Database Preparation

info

Currently only MongoDB is supported as underlying database for storing the application data.

caution

It is highly recommended to employ a dedicated database / namespace to store Data Catalog data. This allows restricting which applications have access to the management collections and permits to keep the necessary collections all under the same location without additional clutter from other projects.

Data Catalog solution relies on a set of collections to carry out most of its tasks, that is storing data assets definitions and their associated metadata. In order to provide a performant and reliable system, the database must be configured accordingly to support application execution.

This means that required collections must be created, necessary index added and additional schema validation set on them, so that only valid data can be read and written to those collections.

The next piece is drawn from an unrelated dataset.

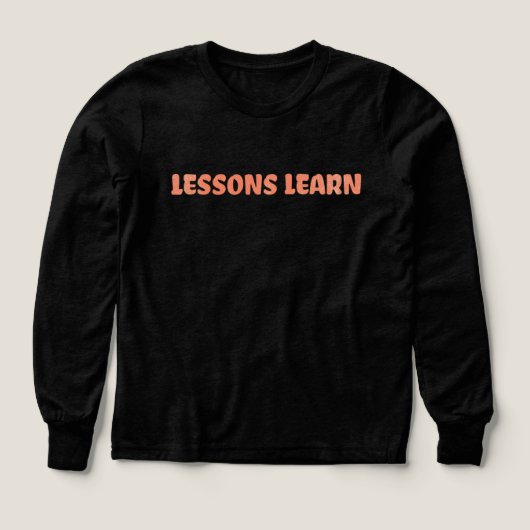 Boy/Kids Energy Flow Lessons Learn Long Sleeve (Voorkant)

To reach this objective in a straightforward manner we provide an administration command-line interface, which takes care of creating all the necessary resources on selected database. This CLI is offered within as a Docker image, which can be run within your namespace every time a new application version is released.

CLI Configuration

Running the CLI inside your project can be done exploiting a K8s cronjob. In this documentation page it is described how it can be configured, while here are highlighted which specific configurations of the K8s manifest:

  • <URL_TO_CONTAINER_REGISTRY> is the url to your Container Registry of reference;
  • data-fabric/fabric-admin image is employed, which should be found within your Container Registry;
  • suspend the cronjob must be released as suspended, since it should be launched manually only once;
  • <NAME_CONTAINER_REGISTRY_SECRET> name of the secret where are contained the credentials for connecting to your Container Registry;
  • MONGODB_ADMIN_URL connection string to your MongoDB database.
caution

Please, beware that the credentials assigned to MongoDB connection string must have the admin permission to modify collections (collMod), so that the CLI can add a schema validation on the collection. This connection string might be different from the one employed within Data Catalog application, where only reading and writing is sufficient;

Here, is provided an example of cronjob definition.

apiVersion: batch/v1
kind: CronJob
metadata:
name: fabric-data-catalog-admin
labels:
app: fabric-data-catalog-admin
# ...
# ...
spec:
concurrencyPolicy: Forbid
successfulJobsHistoryLimit: 3
failedJobsHistoryLimit: 1
schedule: '* * * * *'
# this job MUST be deployed as suspended, since it just run once
suspend: true
jobTemplate:
spec:
backoffLimit: 1
template:
metadata:
name: fabric-data-catalog-admin
labels:
app: fabric-data-catalog-admin
# ...
# ...
spec:
imagePullSecrets:
- name: <NAME_CONTAINER_REGISTRY_SECRET>
containers:
- name: fabric-data-catalog-admin
# current latest stable version of the image is 0.1.0
image: <URL_TO_CONTAINER_REGISTRY>/data-fabric/fabric-admin:0.1.0
args: [
"all",
"init",
"--url",
"{{MONGODB_ADMIN_URL}}",
]
restartPolicy: Never

This cronjob can then be manually triggered as described here every time a new version of data-fabric/fabric-admin image is available, which it should roughly correspond with a new release of Data Catalog application.

tip

In case in your Console Project it is possible to enable Custom Resources, then instead of creating a cronjob manifest it would be possible to define a job one, which does start as soon as released and does not need to be manually launched.

Cronjob is an alternative better suited in case manually launching the job for administering your database is preferred or enforced by any internal policy (e.g. you need to be granted the permission to edit your database).